» **TASK**: Although the data below contains pictures, please reproduce only its words, exactly.

» **THE RECORDS**:

- - - - -

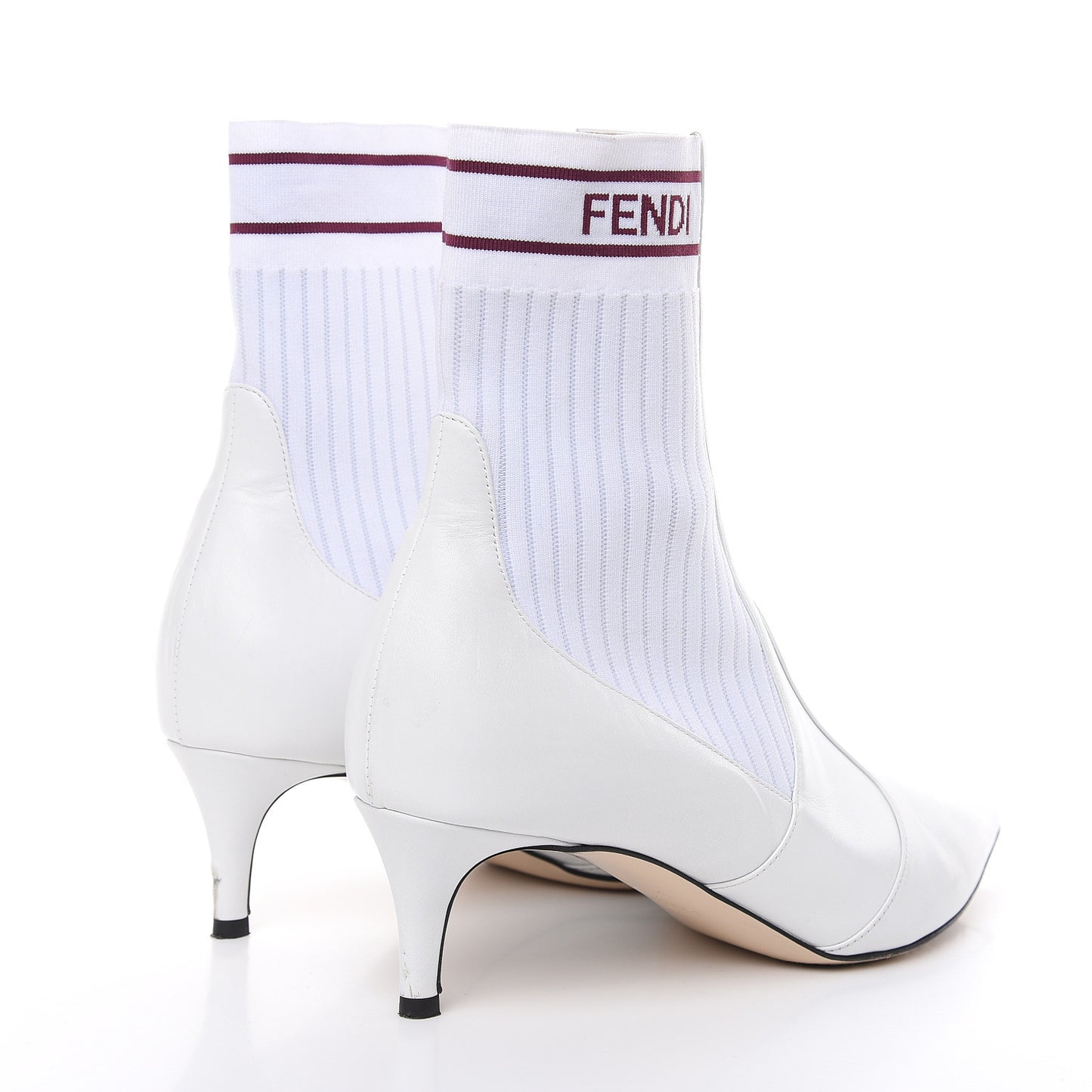 Vitellino Stretch Fabric Logo Rockoko Low Heel Sock Boots 39 White Bordeaux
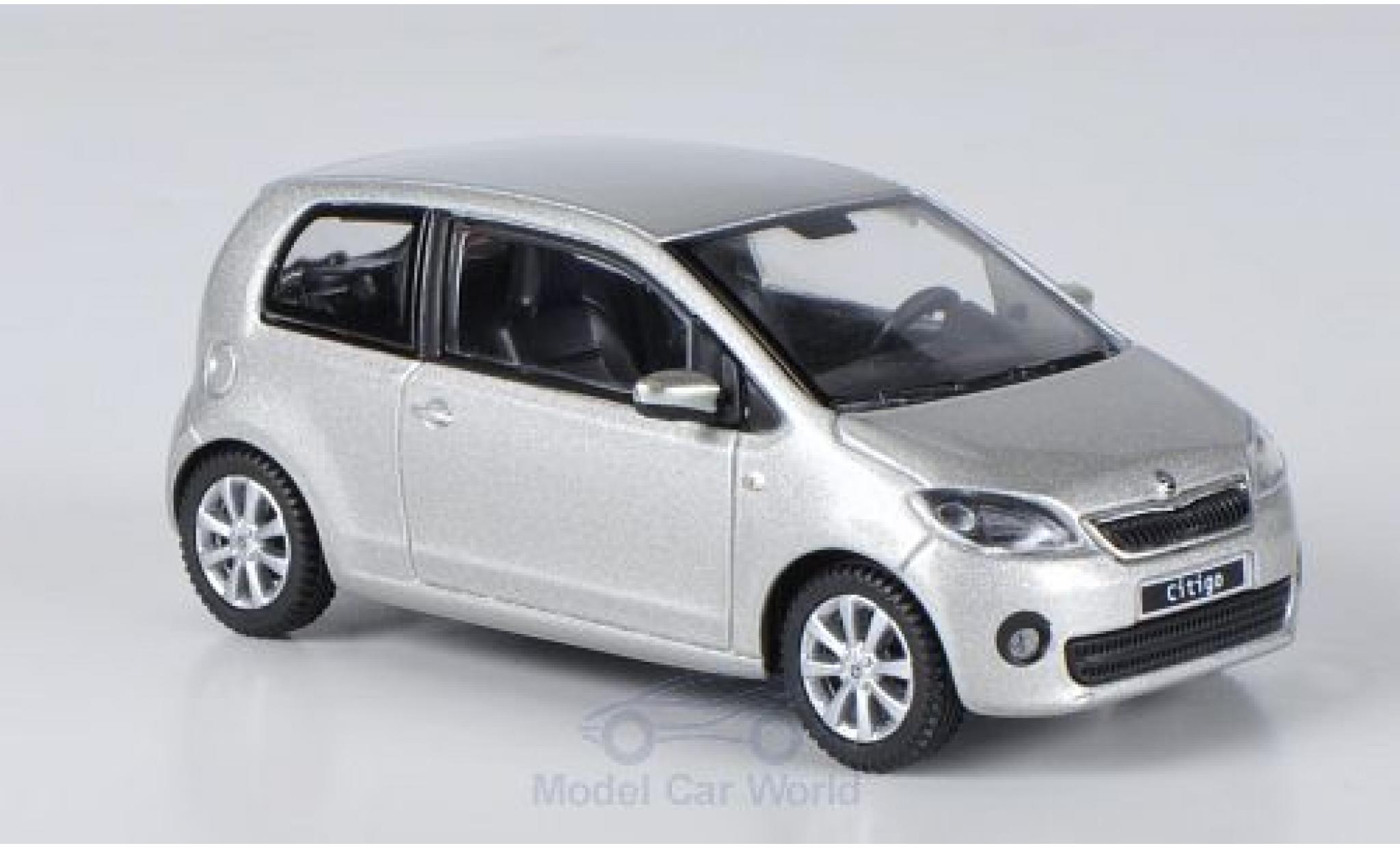 Skoda Citigo 1/43 Abrex metallic grijs 2012 3-T&uuml;rer modelauto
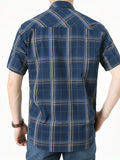 kkboxly  Trendy Plaid Print Men's Casual Short Sleeve Cotton Shirt With Chest Pocket, Men's Shirt For Summer, Tops For Men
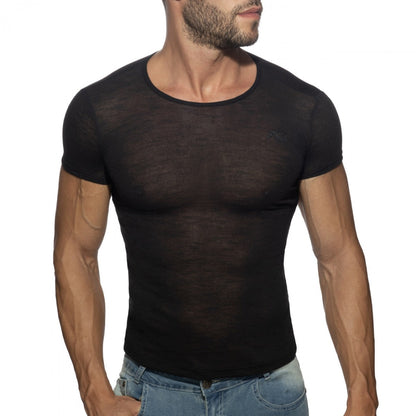 Black sheer mesh thin flame t-shirt with short sleeves and round neckline for lightweight breathable wear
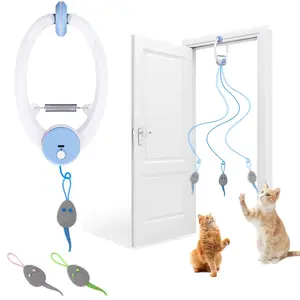 Door Hanging Auto-Rebound Cat Toy, Retractable Kitten Teaser with 3 Catnip Mice, Interactive Pet Play Toy for Indoor Cats - Whit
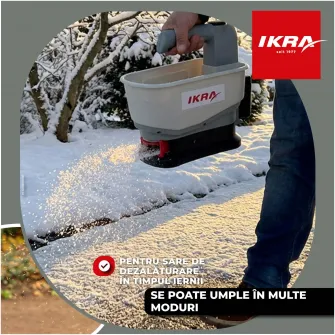 Dispozitiv de imprastiere pe acumulator Ikra IAST 12, 12V 2.5 Ah, distanta imprastiere maxim 5 m, capacitate umplere 4.5 l, viteza variabila, ingrasamant/gazon/material antiderapant, include: incarcator + acumulator 12 V 2.5 Ah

- - - - -

» **YOUR RESPONSE**:
 Vitellino Stretch Fabric Logo Rockoko Low Heel Sock Boots 39 White Bordeaux
 Skoda Citigo 1/43 Abrex metallic grijs 2012 3-T&uuml;rer modelauto
 kkboxly  Trendy Plaid Print Men's Casual Short Sleeve Cotton Shirt With Chest Pocket, Men's Shirt For Summer, Tops For Men
 Black sheer mesh thin flame t-shirt with short sleeves and round neckline for lightweight breathable wear
 Door Hanging Auto-Rebound Cat Toy, Retractable Kitten Teaser with 3 Catnip Mice, Interactive Pet Play Toy for Indoor Cats - Whit
 Dispozitiv de imprastiere pe acumulator Ikra IAST 12, 12V 2.5 Ah, distanta imprastiere maxim 5 m, capacitate umplere 4.5 l, viteza variabila, ingrasamant/gazon/material antiderapant, include: incarcator + acumulator 12 V 2.5 Ah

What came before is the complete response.